INPUT DATA section start

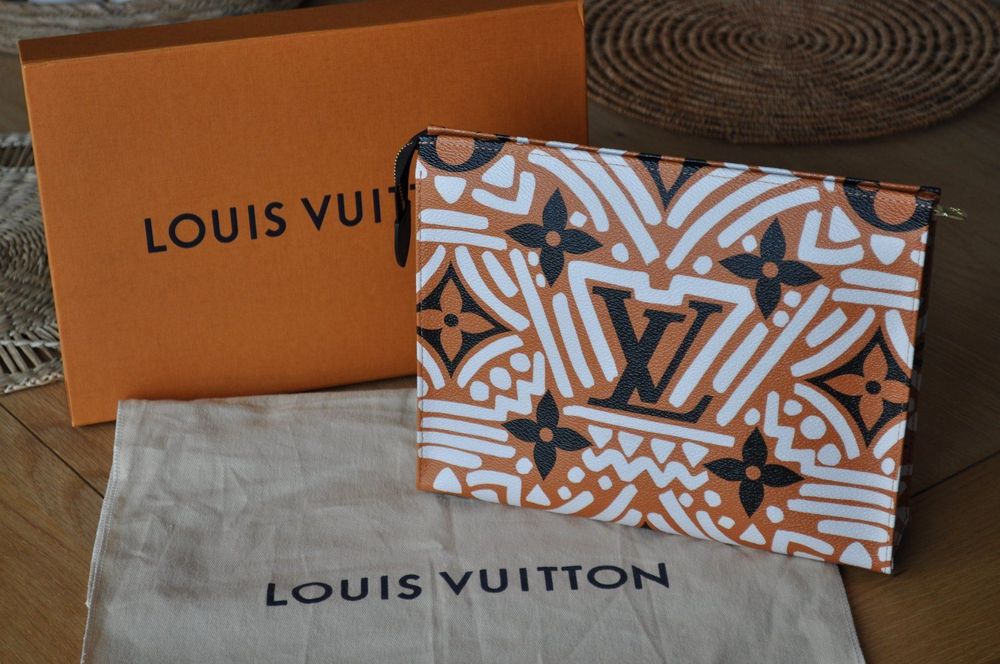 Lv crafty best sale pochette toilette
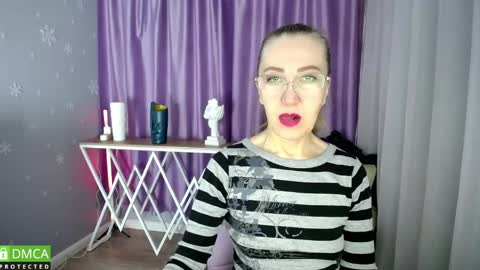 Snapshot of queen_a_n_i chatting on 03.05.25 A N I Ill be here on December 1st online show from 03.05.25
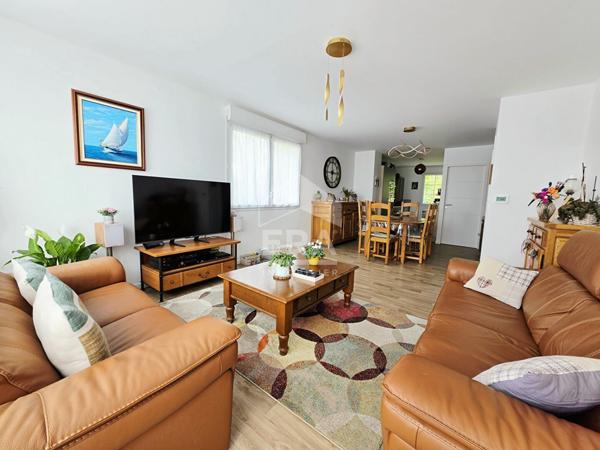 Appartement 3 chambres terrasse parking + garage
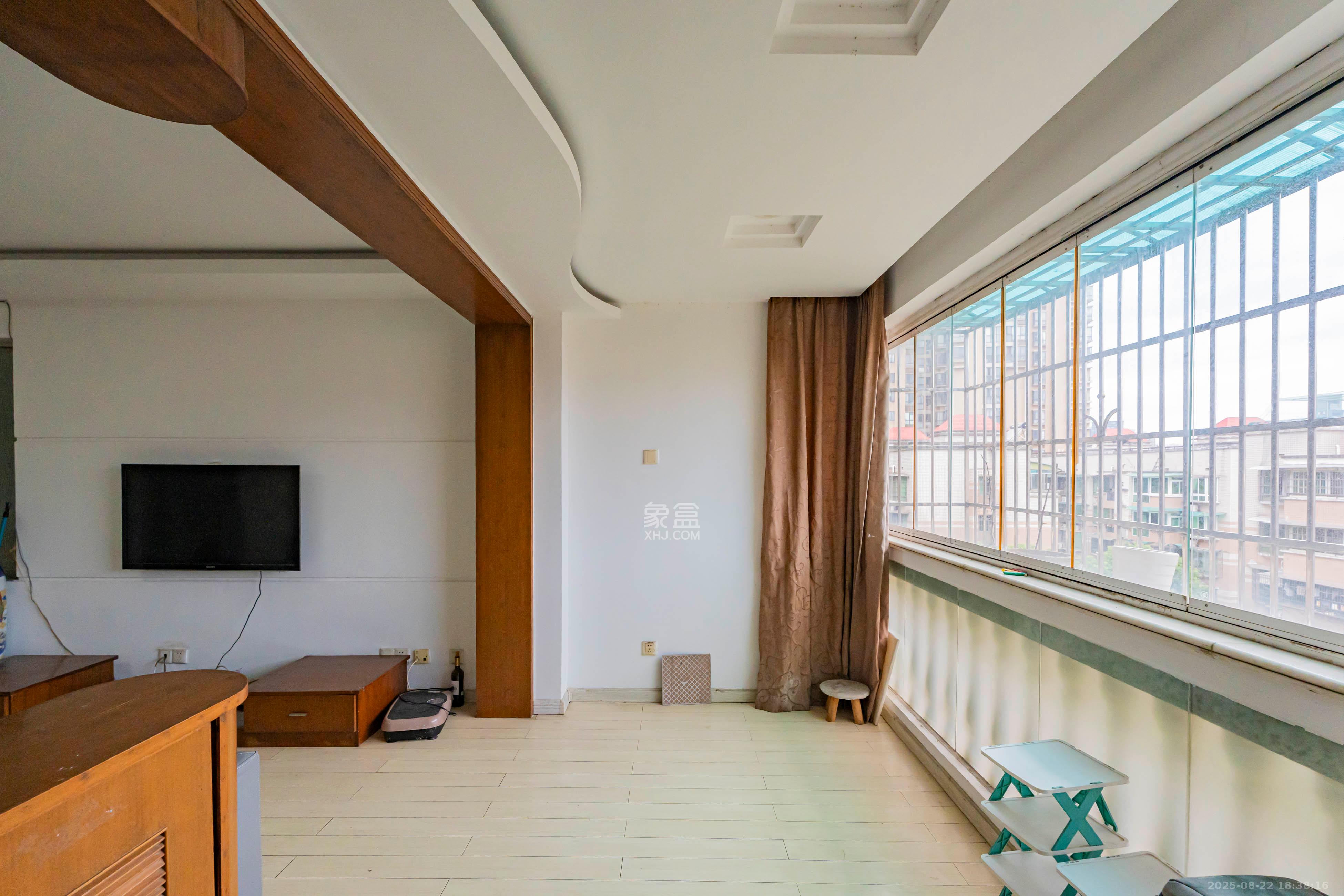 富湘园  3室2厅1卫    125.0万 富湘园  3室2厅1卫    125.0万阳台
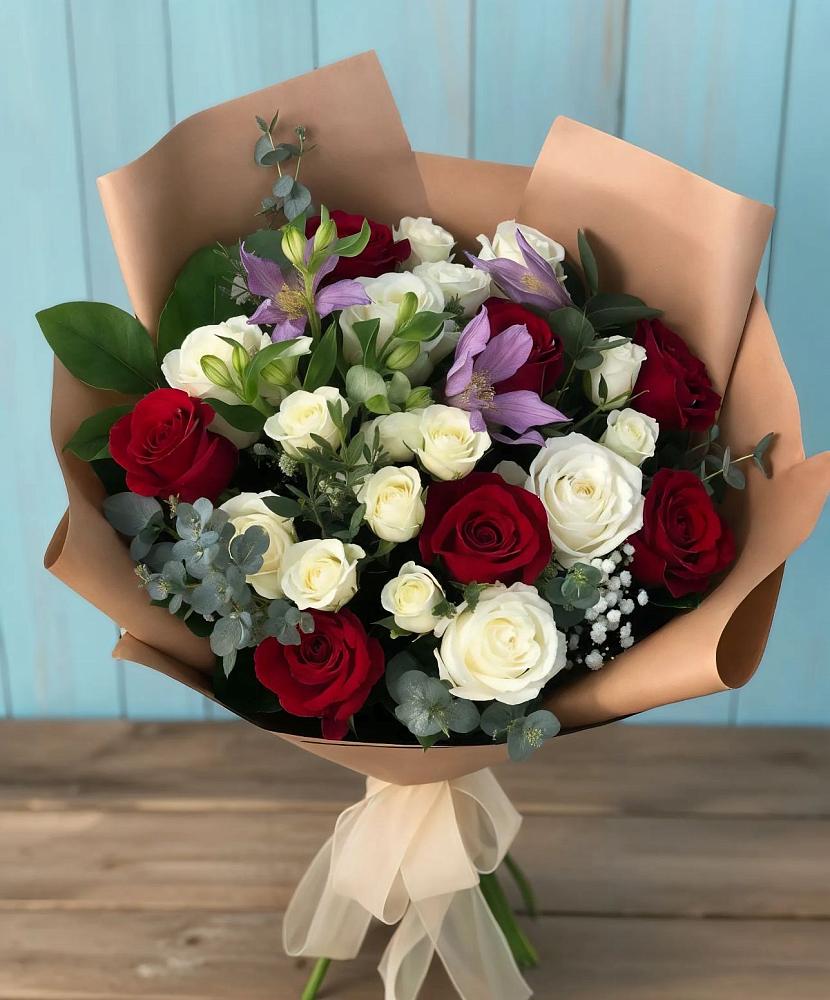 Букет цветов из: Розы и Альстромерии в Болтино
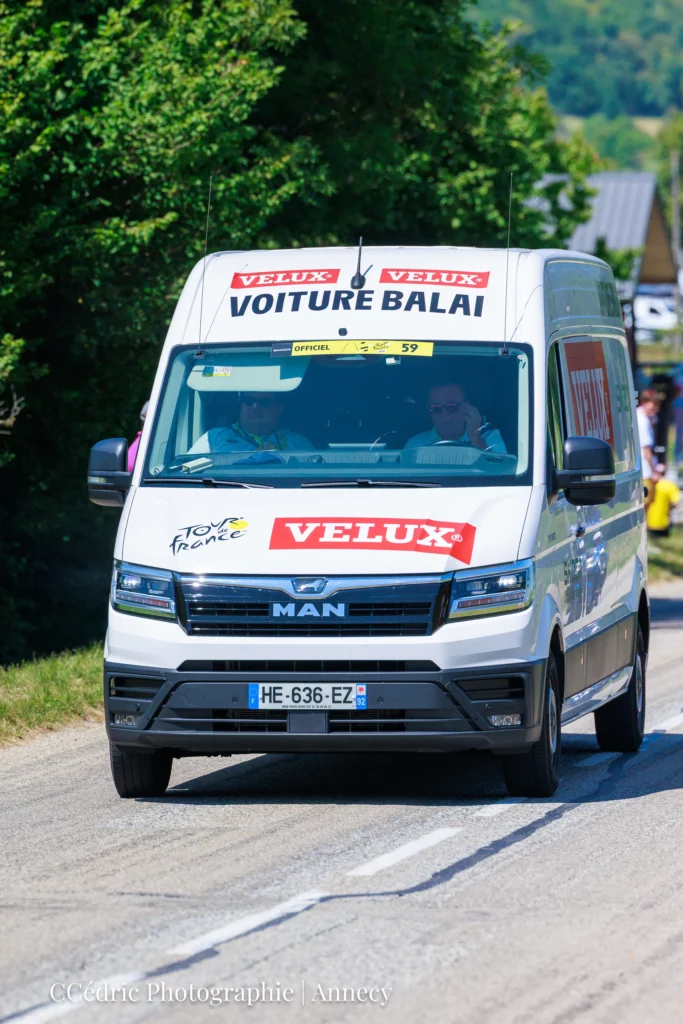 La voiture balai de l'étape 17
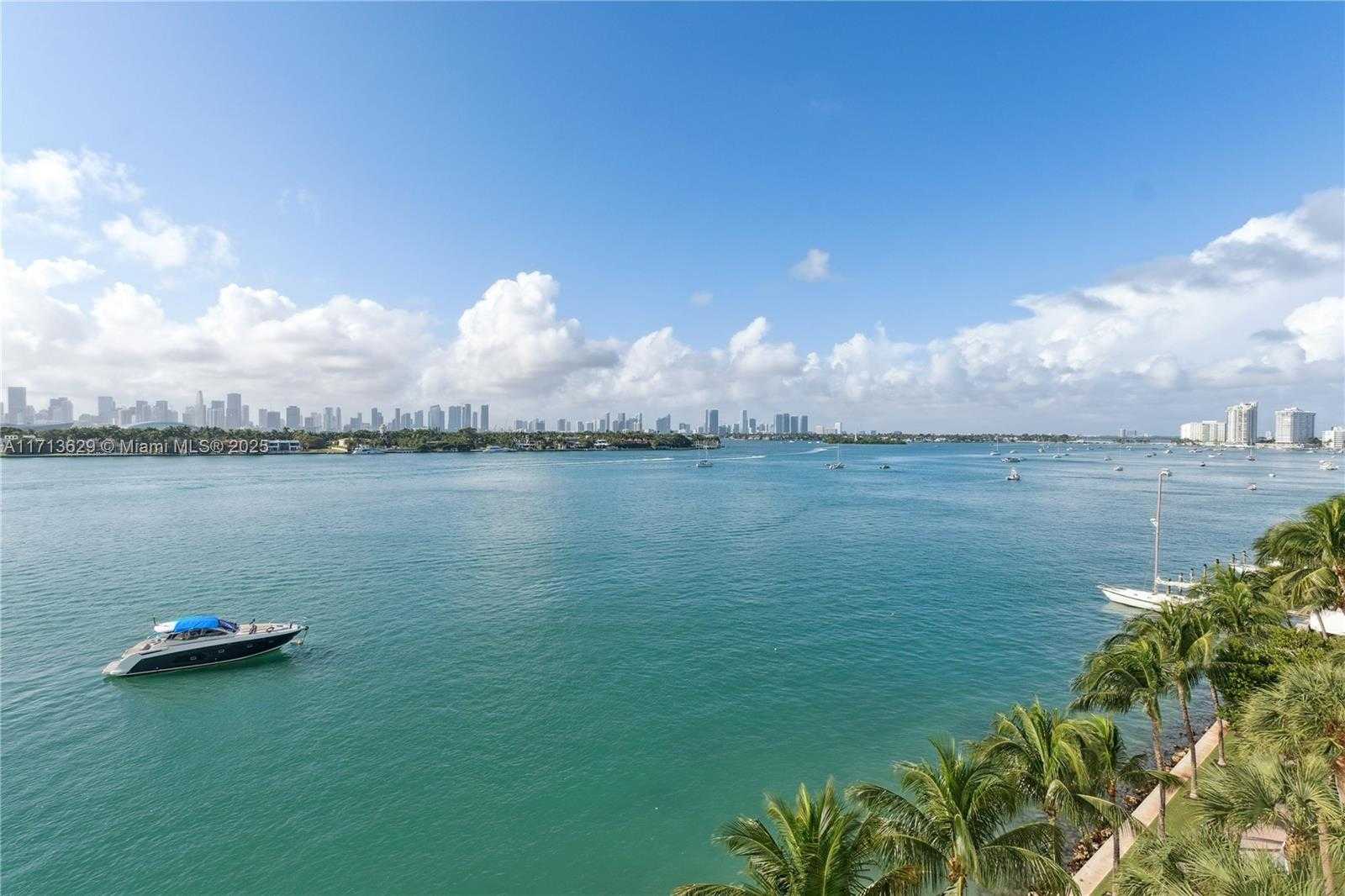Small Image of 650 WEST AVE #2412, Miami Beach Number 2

INPUT DATA section end

Output each entry above word for word. The pictures stay out.

SOLUTION —
 Lv crafty best sale pochette toilette
 Snapshot of queen_a_n_i chatting on 03.05.25 A N I Ill be here on December 1st online show from 03.05.25
 Appartement 3 chambres terrasse parking + garage
 富湘园  3室2厅1卫    125.0万 富湘园  3室2厅1卫    125.0万阳台
 Букет цветов из: Розы и Альстромерии в Болтино
 La voiture balai de l'étape 17
Small Image of 650 WEST AVE #2412, Miami Beach Number 2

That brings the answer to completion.